Projenin adı olan “30 Blizzards.” sahnede yer alan otuz farklı karakteri işaret ediyor. Her biri kendine özgü bir duygusal dünyaya sahip bu figürler, şarkı, söz ve hareket yoluyla performatif bir atmosfer yaratıyor. Numerolojide 30, sonsuzlukla ilişkilendirilirken, bu sayı aynı zamanda döngüsel zamanı, saatlerin dairesel akışını da temsil ediyor. Marten’in yaklaşımında bu “fırtınalar”, insan duygularının meteorolojik metaforlarına dönüşüyor.
Beş heykel ve beş yeni video etrafında şekillenen yapı; çocukluk, topluluk, cinsiyet, iç dünya ve kayıp gibi yaşamın belirleyici duraklarını şiirsel bir anlatıyla ele alıyor. Her video farklı bir monoloğun sesini taşıyarak bu katmanlı yerleştirmenin ritmini belirliyor.
Fotoğraf: Instagram/ @miumiu, @t_space_studio, @c_zoy
Miuccia Prada’nın yön verdiği Miu Miu, kadınlık ve hikaye anlatıcılığı üzerine kurduğu düşünsel pratiği, bu proje aracılığıyla sanat alanına taşıyor. Modaevinin bugüne dek geliştirdiği “Women’s Tales” kısa film serisi veya podyumlarda sergilenen sessiz feminizm diliyle tutarlı bir çizgide ilerleyen “30 Blizzards.”, markanın kültürel pozisyonunu daha da derinleştiriyor.
Fotoğraf: Instagram/ @miumiu, @t_space_studio
Koreografi ve sahneleme, tiyatro ve opera yönetmeni Fabio Cherstich’in imzasını taşırken ses ve müzik dünyası ise besteci Beatrice Dillon tarafından inşa ediliyor.
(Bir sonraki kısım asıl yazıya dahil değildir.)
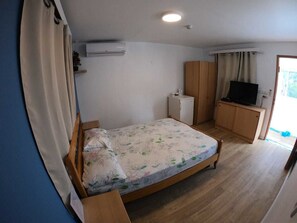 Standard Double Room | In-room safe, blackout drapes, iron/ironing board, free WiFi - Arava Hostel (Eilat)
Her karakter, kendi “aracı” ya da sembolüyle sahnede yer alıyor; bu objeler, anlatının görsel ve işitsel bütünlüğünü tamamlayan birer anahtar işlevi görüyor.
Fotoğraf: Instagram/ @miumiu, @t_space_studio
Palais d’Iéna’nın sütunları arasında, beş platformu birbirine bağlayan düz bir hat kurulurken mekanın merkezinde kamusal bir “sahne” tasarlanıyor, hem tiyatro hem film dekoru hem de bir forum gibi. Bu sahne etrafında hareket eden karakterler, geleneksel temsilden çok işlev ve duygu temelli yapılar olarak varlık gösteriyor.